19 Aralık 1955 tarihinde kurulan Hürriyet Partisi 1956 yılı ortalarına kadar bir taraftan teşkilatlanma faaliyetlerini sürdürürken diğer taraftan da Demokrat Parti ile siyasi mücadeleye girerek ülkede bir rejim sorunu olduğunu ispatlamaya çalıştı. Hürriyet Partisi’nin parti programı; Siyasi Rejim Meselesi, Aile ve Hukuki Meseleler, Kamu Yönetimi, Milli Savunma İşleri, Dış Siyaset, Din İşleri, Maarif İşleri, İktisadi İşler ve Sağlık İşleri olmak üzere 9 ana başlık ve 117 maddeden oluşuyordu.

Hürriyet Partisi’nin teşkilatlanma süreci Demokrat Parti tarafından endişe ile izlendi.
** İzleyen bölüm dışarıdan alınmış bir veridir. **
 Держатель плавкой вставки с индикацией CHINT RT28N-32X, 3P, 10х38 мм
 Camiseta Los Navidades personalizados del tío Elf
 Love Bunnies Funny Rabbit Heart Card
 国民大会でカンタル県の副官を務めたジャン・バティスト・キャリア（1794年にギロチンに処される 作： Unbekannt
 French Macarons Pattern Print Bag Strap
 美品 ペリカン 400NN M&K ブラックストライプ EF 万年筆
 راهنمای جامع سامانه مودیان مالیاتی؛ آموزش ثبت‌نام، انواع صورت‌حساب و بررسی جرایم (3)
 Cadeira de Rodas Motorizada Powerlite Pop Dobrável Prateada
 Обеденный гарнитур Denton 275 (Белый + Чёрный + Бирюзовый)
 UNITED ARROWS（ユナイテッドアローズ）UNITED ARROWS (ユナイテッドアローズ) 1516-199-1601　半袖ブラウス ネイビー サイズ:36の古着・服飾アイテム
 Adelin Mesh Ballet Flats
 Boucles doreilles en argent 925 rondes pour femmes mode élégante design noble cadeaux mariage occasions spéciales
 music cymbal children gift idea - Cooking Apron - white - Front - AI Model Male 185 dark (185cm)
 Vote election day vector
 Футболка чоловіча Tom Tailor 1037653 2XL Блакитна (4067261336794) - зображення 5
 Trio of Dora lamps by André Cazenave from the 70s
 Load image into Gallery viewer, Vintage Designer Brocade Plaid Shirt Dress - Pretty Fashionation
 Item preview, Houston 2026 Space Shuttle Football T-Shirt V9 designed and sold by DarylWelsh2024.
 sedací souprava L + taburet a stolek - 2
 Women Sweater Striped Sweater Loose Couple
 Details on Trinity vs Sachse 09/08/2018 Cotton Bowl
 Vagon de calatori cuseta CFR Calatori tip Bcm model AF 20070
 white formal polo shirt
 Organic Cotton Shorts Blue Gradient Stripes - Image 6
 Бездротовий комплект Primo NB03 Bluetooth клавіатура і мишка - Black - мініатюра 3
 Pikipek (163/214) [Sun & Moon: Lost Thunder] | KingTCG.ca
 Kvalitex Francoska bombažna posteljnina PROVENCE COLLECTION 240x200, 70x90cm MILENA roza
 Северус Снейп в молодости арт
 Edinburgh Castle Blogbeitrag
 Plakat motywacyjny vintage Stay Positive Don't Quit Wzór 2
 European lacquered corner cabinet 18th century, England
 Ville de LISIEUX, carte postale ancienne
Hatta Menderes Demokrat Parti teşkilatlarının Hürriyet Partisi’ne katılımını önlemek için parti müfettişlerini sık sık taşraya gönderdi ve kendisi de bizzat taşradaki il ve ilçe kongrelerine katıldı. Ama yine de Demokrat Parti taşra teşkilatlarından Hürriyet Partisi’ne geçişler oldu.

Hürriyet Partisi ile Demokrat Parti arasındaki siyasi mücadele ilk olarak 23 Aralık 1955 tarihinde Hürriyet Partisi Diyarbakır Milletvekili Mustafa Ekinci’nin İçişleri Bakanı Ethem Menderes hakkında verdiği bir önerge ile başladı. Daha sonraki günlerde bu gerginlik yükselerek devam etti. 22 Şubat 1956 tarihinde devam eden bütçe görüşmelerinde doruk noktasına ulaştı. Meclisteki bütçe görüşmelerinde gerginliği artıran kişilerin başında Hürriyet Partisi Kocaeli Milletvekili Ekrem Alican gelmekteydi. Alican bir defasında; Biz siyasi ahlak mevzuunda, siyasi ahlakın HP’nin mayası, temeli olduğuna kani insanlarız. HP siyasi ahlakın bir ifadesi olarak doğmuştur, dedi. Alican’ın bu sözlerine karşılık Başbakan Menderes; Bugüne kadar ben, HP’nin doğuşuna ve inkişafına dair bir tek kelime laf etmedim. Fakat bugün, birdenbire kalkıp siyasi ahlaktan bahsedilmesine ve DP grubuna siyasi ahlaktan mahrumdur denmesine tahammül edilemez, dedi. Başbakan Adnan Menderes Hürriyet Partililere yönelik eleştirilerini bütçe görüşmelerinin diğer oturumlarında da devam ettirdi.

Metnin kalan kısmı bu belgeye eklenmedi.